2. Are there any good books on tractors?

There are many excellent texts that provide information and anecdotal material. The information sources for many of these books range from the Tractor Tests conducted at University of Nebraska to the archives kept by manufacturers. There are books providing only numerical data such as serial lists and specifications (e.g., "Farm Equipment Hotline") and books that narrow to a single manufacturer or even a single model (e.g., "Farmall Tractors") with extensive pictorial archives. Nearly every brand is represented by some publications. The first source of data should always be the manufacturers owners manual if obtainable.

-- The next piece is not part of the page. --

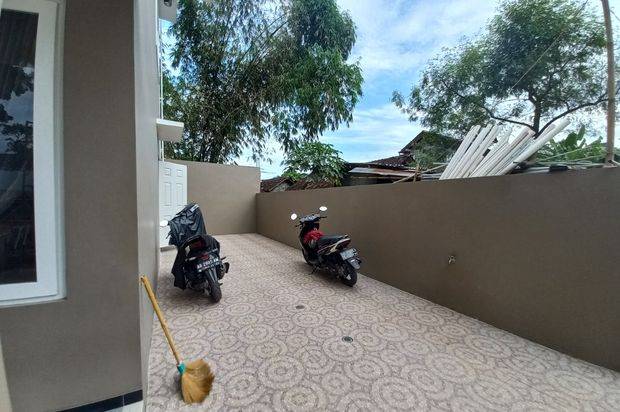 RUMAH MEWAH CANTIK SIAP HUNI DI JALAN KALIURANG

3. Why buy an old tractor vs. a new one?

Buying an older tractor will usually mean saving 90% of the purchase price over new machines. Smaller "Hobby Farm" (less than 30 HP) tractors are designed primarily for mowing and rototilling, thus are engineered with less steel and cast iron. While cheaper to build, this may reduce the capabilities for some operations such as plowing, discing, and haying. The conditions under which farm tractors operate require weight to get the horsepower converted to usable work. New small machines are not structurally engineered to support the required weight. Many older machines (60s and earlier) in the 10 to 30 HP range can perform nearly any operation. The orientation for small tractors from the 1970s on changed from pure farming to suburban tract support. In the larger farm tractors (30+ HP), the orientation has never wavered. A full scale modern farm tractor can perform even more work than its predecessors, safer, more reliable, and environmentally sound in the process (also read cost-effective). To justify the cost of this caliber of machine requires a profit motive on the part of the work performed.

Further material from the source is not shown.